Despite the rather large disparity in the level of competition between the NBA’s Eastern and Western Conferences, both sides have very compelling races for the final playoff seeds. Out West, there’s essentially a three-team race for the seventh and eighth seeds between Memphis, Phoenix, and Dallas (with an argument to be made for the possibility of Golden State or Portland slipping out of the picture), while the East has an equally heated (albeit far more mediocre) race going on between Atlanta and New York. You could even mention Cleveland there if you’re in the spirit of the March Madness season and a true fan of Cinderella stories.

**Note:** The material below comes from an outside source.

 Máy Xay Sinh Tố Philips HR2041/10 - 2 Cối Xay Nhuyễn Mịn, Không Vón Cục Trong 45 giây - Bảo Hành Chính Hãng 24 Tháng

Western Conference Playoff Race

Seed Team Record GB Playoff Likelihood
5 Portland 47-27 - 97.9%
6 Golden State 45-27 1.0 97.0%
7 Phoenix 44-29 2.5 59.3%
8 Memphis 43-29 3.0 78.2%
9 Dallas 43-30 3.5 67.7%

Three-and-a-half games between the fifth-place Blazers and the ninth-place Mavericks out West might be small enough to instill fear in the hearts of the Portland and Golden State fan bases that once considered their teams to be a lock for the postseason, but our projections are a little less worried. We give the Blazers and Warriors a 97.9% and 97.0% chance to make the postseason respectively, and playoffstatus.com shows that the two teams are tied for the easiest remaining schedule in the West based on the combined winning percentage of their remaining opponents. Where this race gets really interesting is between the Grizzlies, Suns, and Mavericks.

As of today, all three teams are separated by one game. Their remaining schedules are fairly even, although it should be noted that the Suns will have the toughest go of it with games remaining against the Clippers, Blazers, Thunder, and Spurs. Regardless of how things shake out, the true test will come for all three teams when they face off against each other in a three-game mini-tournament from April 12-16. It's honestly one of the most serendipitous schedules we could hope for in a close playoff race, where all three teams will face the other two battling for those spots in the final week of the regular season and have control of their and their opponent’s fate in the truest sense of the adage.

Eastern Conference Playoff Race

Seed Team Record GB Playoff Likelihood
8 Atlanta 31-40 - 83.8%
9 New York 30-43 2.0 12.7%
10 Cleveland 29-45 3.5 3.1%

While the Western Conference playoff picture could end up with a 50-win team not making the playoffs (not likely, but entirely possible), the Eastern Conference race could end with a team 10 games under .500 getting in. This race will likely be more about who loses it, considering how hard it would be to consider a playoff team with a sub-.500 record a “winner”. The Hawks are still heavily favored to make it, despite the Knicks winning nine of their last 12. The Knicks, Phil Jackson, a few playoff games in MSG and what could be Carmelo Anthony's last playoff run as a Knickerbocker combine to make the juiciest story, but it just might not be in the cards.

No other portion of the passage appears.